As the Principal of Caliber Leadership Systems, I work with leadership teams to shift dynamics and build distinct cultures that create sustainable competitive advantage. That’s easy work compared to being in the middle of the dynamic as the leader! I have beliefs and goals that translate into things I want to see happen in my company, and employees that don’t subscribe to or espouse the same beliefs and values that I do are not likely to fit into the culture I establish or be compelled to drive toward the long-term goals that I have set for my business. So, what does that mean for me and the way I run my company?
What I have found is the more I really understand about my employees – their motives, aims, fears, drives, hard wiring – and the more they understand themselves, the more effective I have been at creating highly productive, high-performing relationships within my organization. This understanding has been carefully cultivated, not left to chance, through the use of a variety of assessment tools and a process for fostering understanding in all of us (my staff understands me as well as I understand them).
It starts with the hiring process. I admit I have made wrong hires: great, talented people who were not
able to get their needs met based on the culture of the organization, the nature of our business and my
style as a leader. Now, we have our top candidates complete several assessments which allow us to
better understand the needs, motives and behavioral patterns of the individual. It gives us the opportunity
to make informed, objective choices about a candidate and build a strong core team of individuals with diverse and complementary skills, abilities and interests.
At the core of our assessment approach is the
Myers-Briggs Type Indicator, which tells us how people are hardwired to behave and what preferences will be evident in their actions. We also extensively use the
Bar-On Emotional Quotient Indicator, which gives us insight into behavioral and emotional development.Every few years, we introduce a new tool, a new perspective. This past year, we began working with the
Enneagram, which looks more closely at the motives and fears from which people work.
Our approach is not a one-time event. We incorporate the language into our practices. It is part of our
feedback and development processes.
Through this process of really exploring my employees, I have learned to stop trying to be all things to
all people.
The more I understand my employees, the less I judge their behavior and the more capable
I am of responding to them effectively as a leader.
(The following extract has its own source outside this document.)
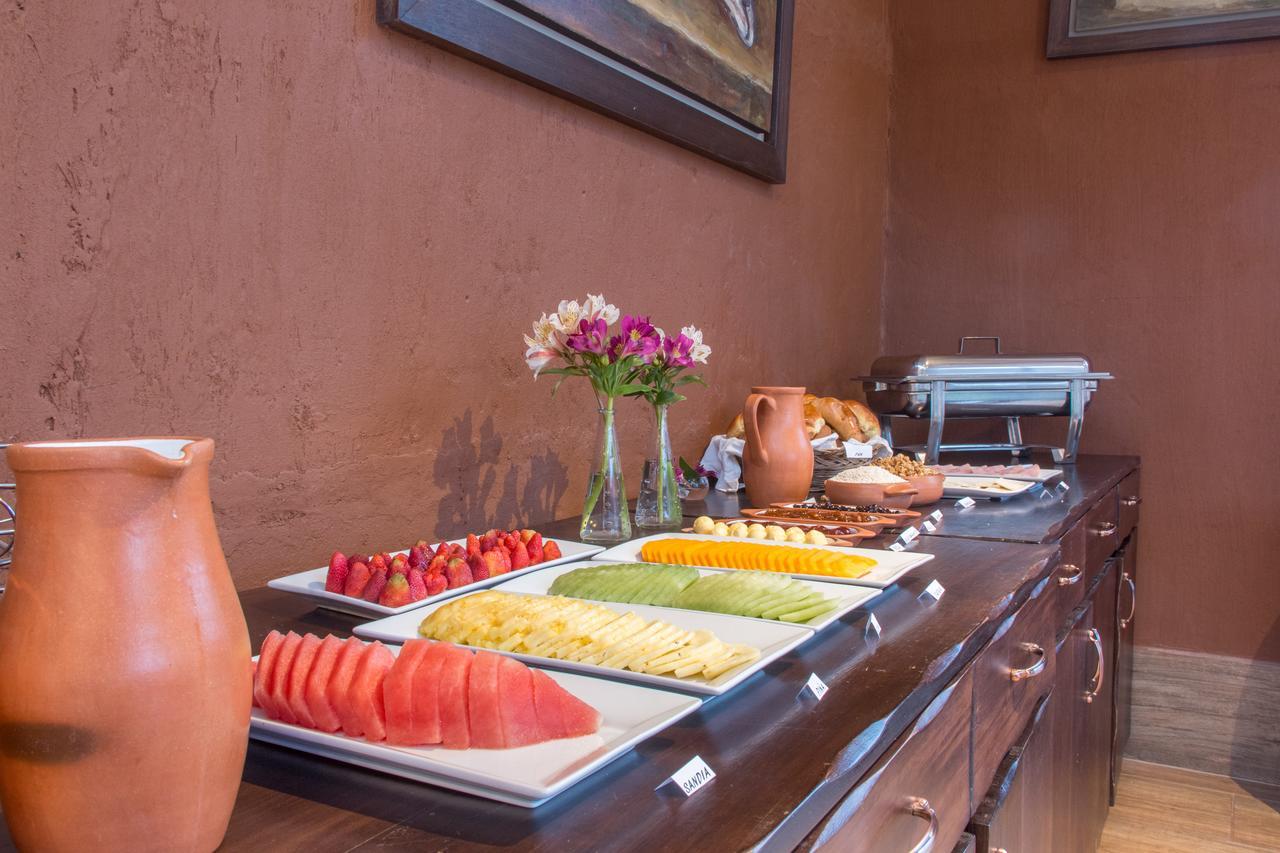 Wayqey Lodge أُروبامبا المظهر الخارجي الصورة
The more I understand about their needs and their
strengths, the more I focus their contributions in these areas. One employee perfectly matches my
blind spots; she gets tasked with process execution, stabilizing our practices while I move on to the next
thing. Understanding her strengths allows me to give her the direction and input she needs to be effective
without wishing she were more like me (because if she were, none of what she does for my business
would happen).
So, to answer my very first question, “Now we’re expected to know our employees, too?” – I would have
to say, “Yes.” Not because knowing your employees is a popular movement, but because the ultimate
benefit of knowing your employees is an engaged workforce that is loyal, productive and made up of
people who find their work personally meaningful and motivational.